Segment Start: MATERIAL PROVIDED

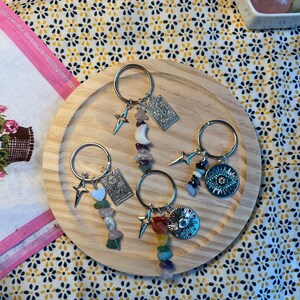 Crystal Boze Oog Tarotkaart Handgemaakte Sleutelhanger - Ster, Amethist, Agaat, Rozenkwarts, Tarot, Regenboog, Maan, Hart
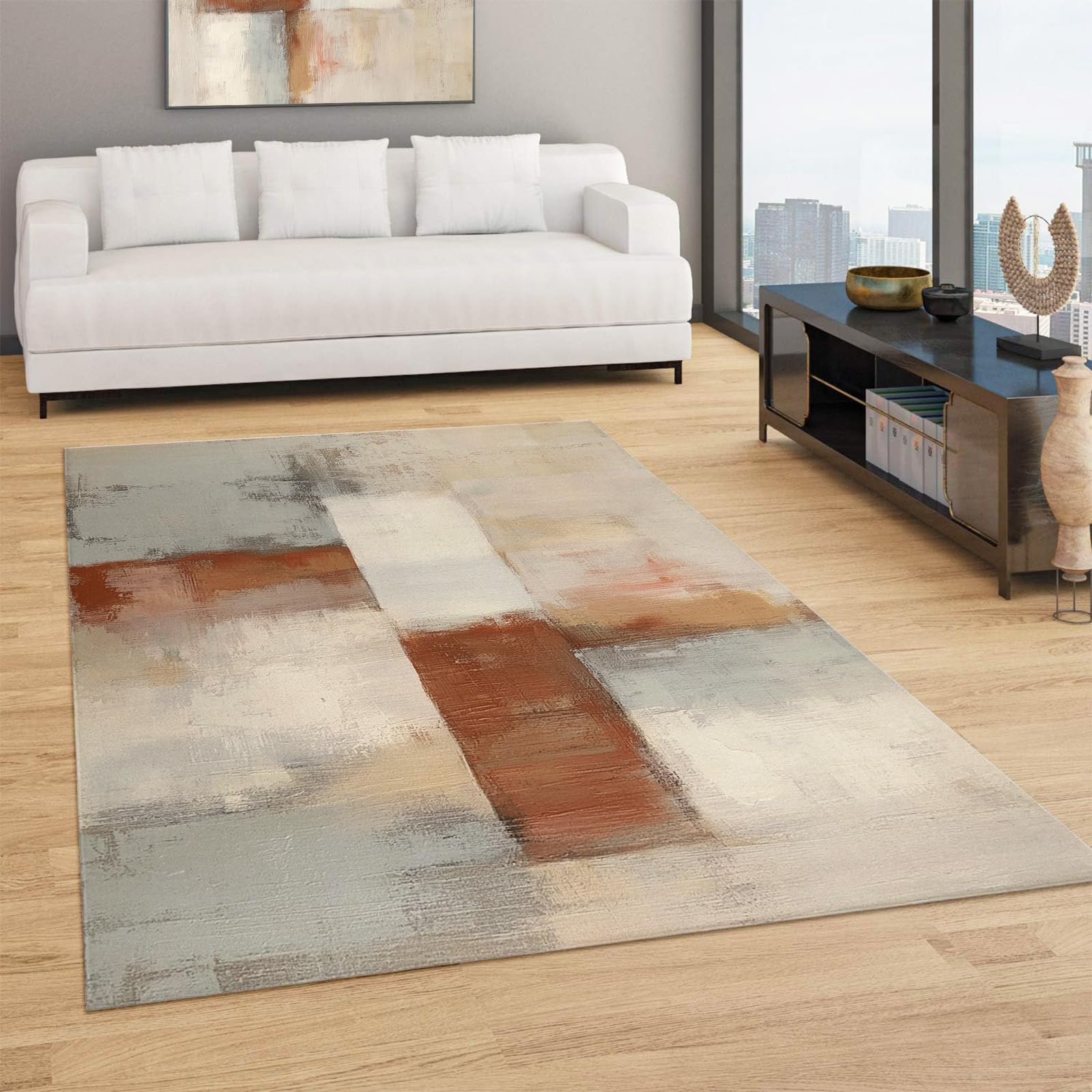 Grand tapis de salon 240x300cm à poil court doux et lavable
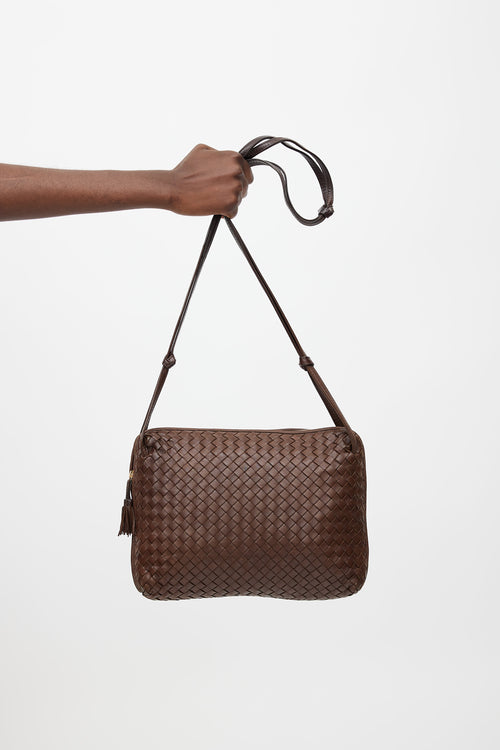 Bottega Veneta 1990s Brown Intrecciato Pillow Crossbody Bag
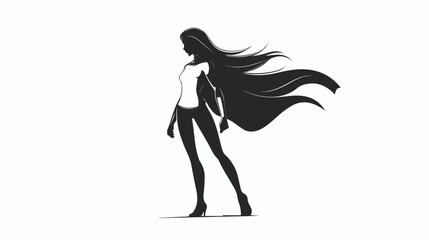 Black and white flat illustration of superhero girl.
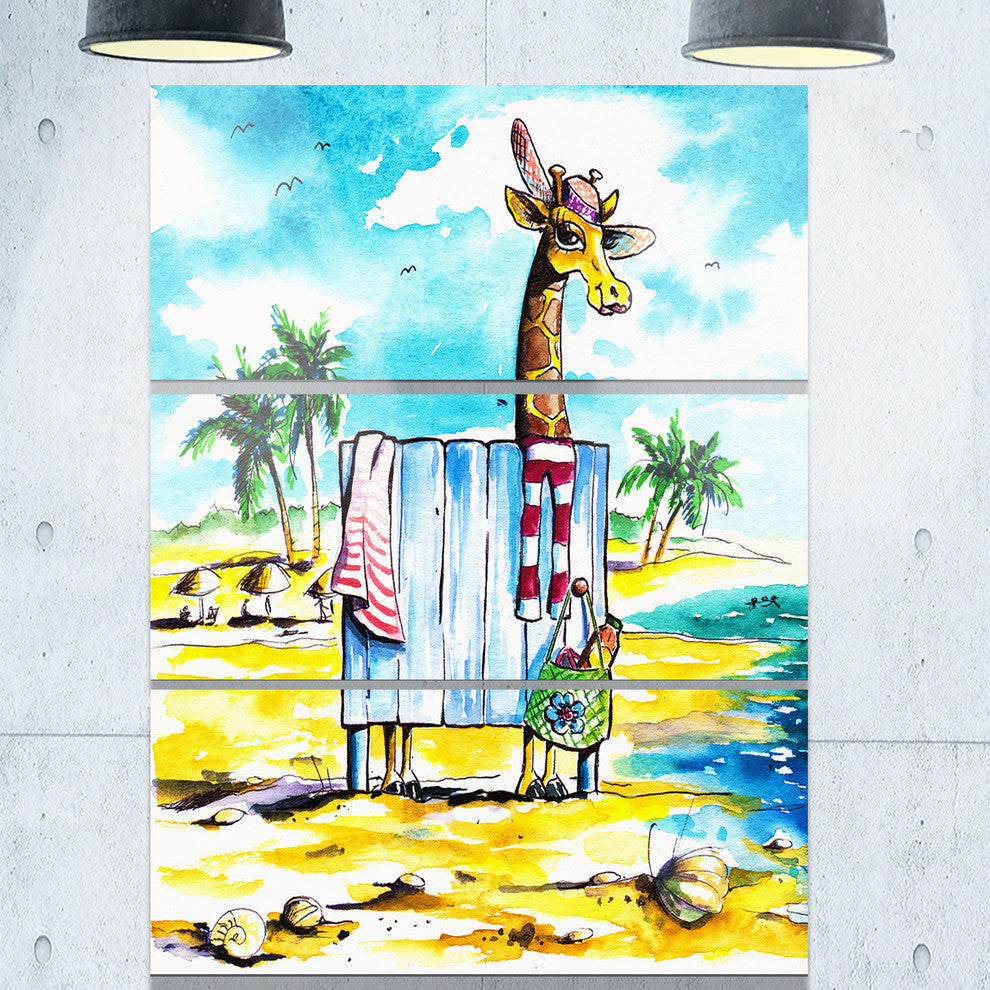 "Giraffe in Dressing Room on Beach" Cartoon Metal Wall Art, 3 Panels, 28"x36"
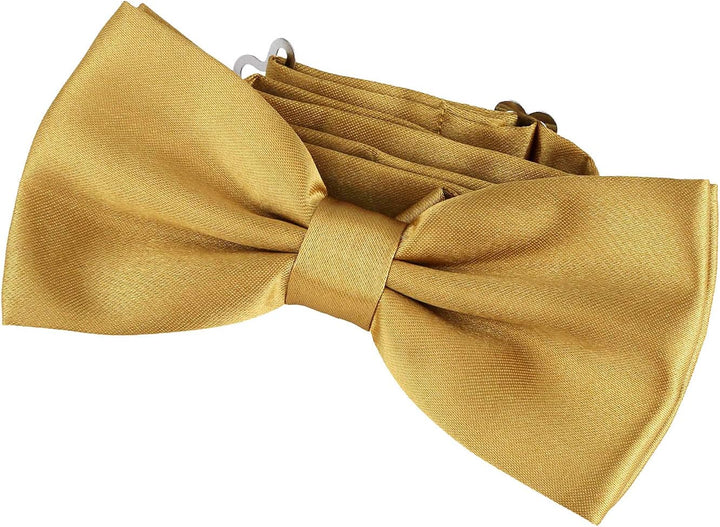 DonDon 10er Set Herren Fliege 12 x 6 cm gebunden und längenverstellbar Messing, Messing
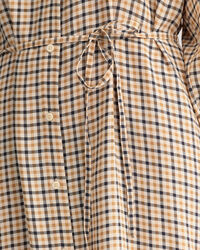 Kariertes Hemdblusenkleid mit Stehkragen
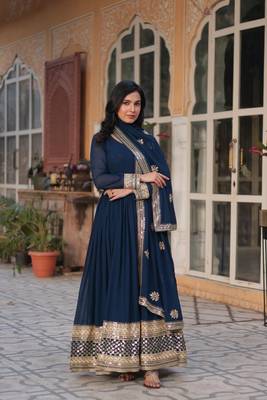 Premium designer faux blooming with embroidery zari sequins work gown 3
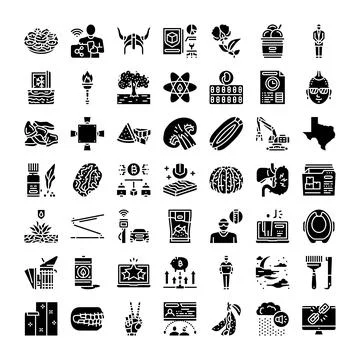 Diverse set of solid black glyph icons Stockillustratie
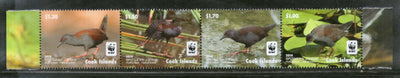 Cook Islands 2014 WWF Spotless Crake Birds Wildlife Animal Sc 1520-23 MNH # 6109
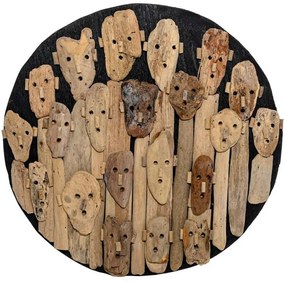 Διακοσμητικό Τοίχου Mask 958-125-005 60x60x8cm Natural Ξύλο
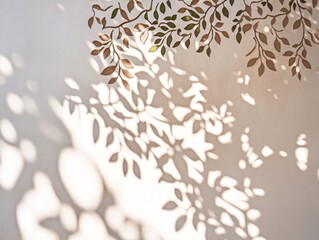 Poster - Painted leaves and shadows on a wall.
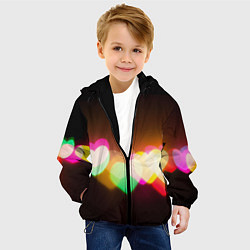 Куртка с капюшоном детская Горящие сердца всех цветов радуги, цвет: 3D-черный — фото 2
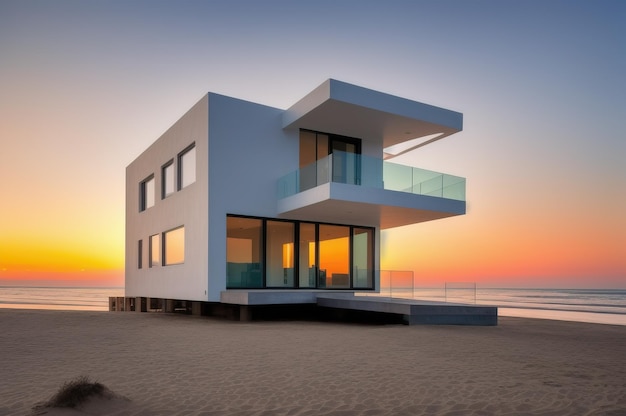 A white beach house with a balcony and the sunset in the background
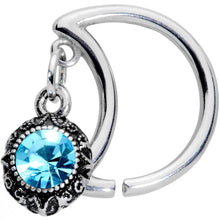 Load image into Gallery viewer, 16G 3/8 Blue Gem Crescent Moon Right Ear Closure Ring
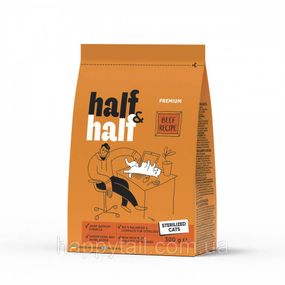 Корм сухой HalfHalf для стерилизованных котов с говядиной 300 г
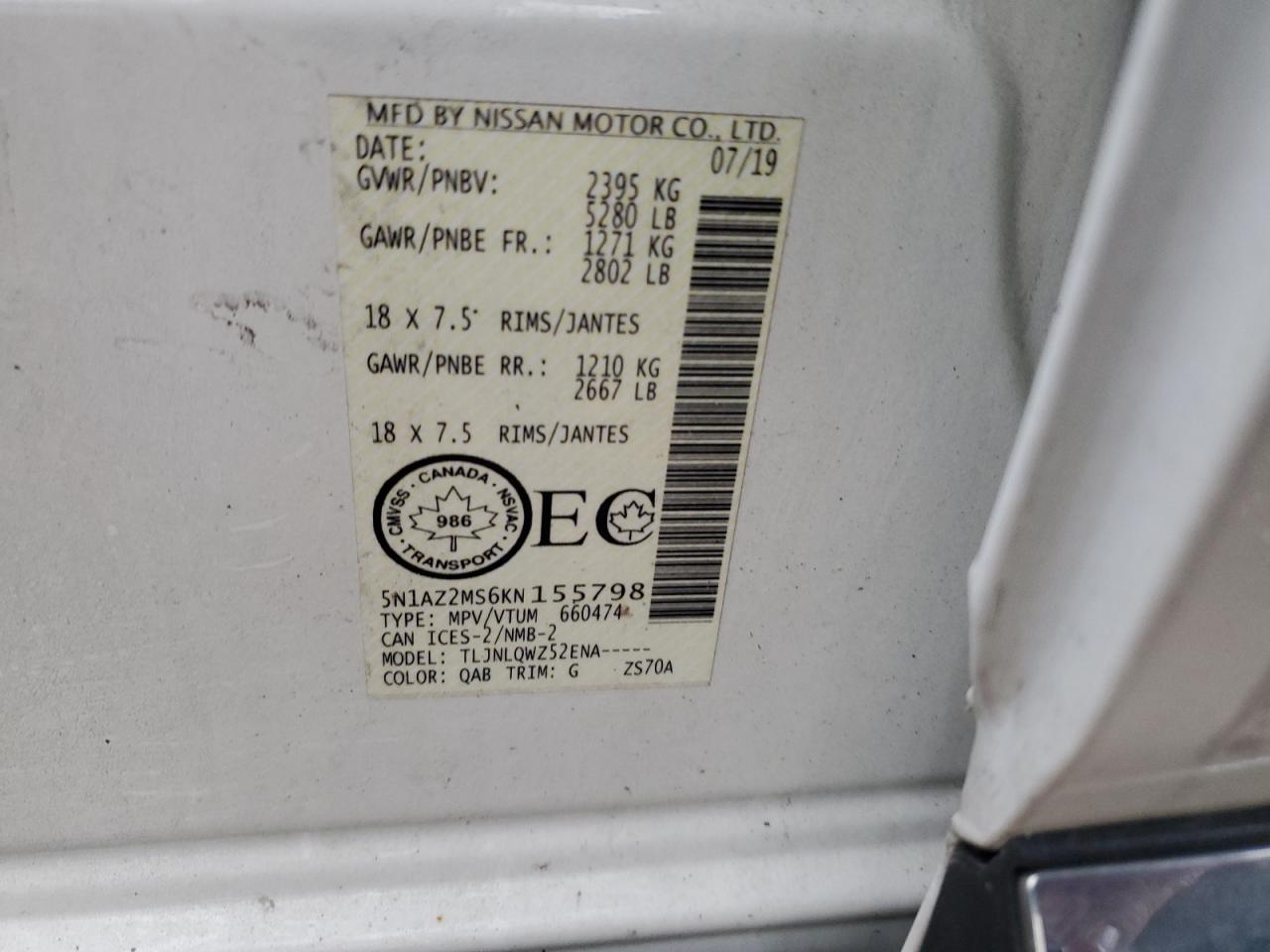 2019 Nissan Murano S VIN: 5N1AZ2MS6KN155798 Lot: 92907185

Segment End: MATERIAL PROVIDED

**YOUR GOAL**
Output all the records above again exactly, with the pictures dropped.

**RESULT OF THE TASK**
 Crystal Boze Oog Tarotkaart Handgemaakte Sleutelhanger - Ster, Amethist, Agaat, Rozenkwarts, Tarot, Regenboog, Maan, Hart
 Grand tapis de salon 240x300cm à poil court doux et lavable
 Bottega Veneta 1990s Brown Intrecciato Pillow Crossbody Bag
 Black and white flat illustration of superhero girl.
 "Giraffe in Dressing Room on Beach" Cartoon Metal Wall Art, 3 Panels, 28"x36"
 DonDon 10er Set Herren Fliege 12 x 6 cm gebunden und längenverstellbar Messing, Messing
 Kariertes Hemdblusenkleid mit Stehkragen
 Premium designer faux blooming with embroidery zari sequins work gown 3
 Diverse set of solid black glyph icons Stockillustratie
 Cook Islands 2014 WWF Spotless Crake Birds Wildlife Animal Sc 1520-23 MNH # 6109
 Διακοσμητικό Τοίχου Mask 958-125-005 60x60x8cm Natural Ξύλο
 Poster - Painted leaves and shadows on a wall.
 Куртка с капюшоном детская Горящие сердца всех цветов радуги, цвет: 3D-черный — фото 2
 A white beach house with a balcony and the sunset in the background
 Load image into Gallery viewer, 16G 3/8 Blue Gem Crescent Moon Right Ear Closure Ring
 Корм сухой HalfHalf для стерилизованных котов с говядиной 300 г
 2019 Nissan Murano S VIN: 5N1AZ2MS6KN155798 Lot: 92907185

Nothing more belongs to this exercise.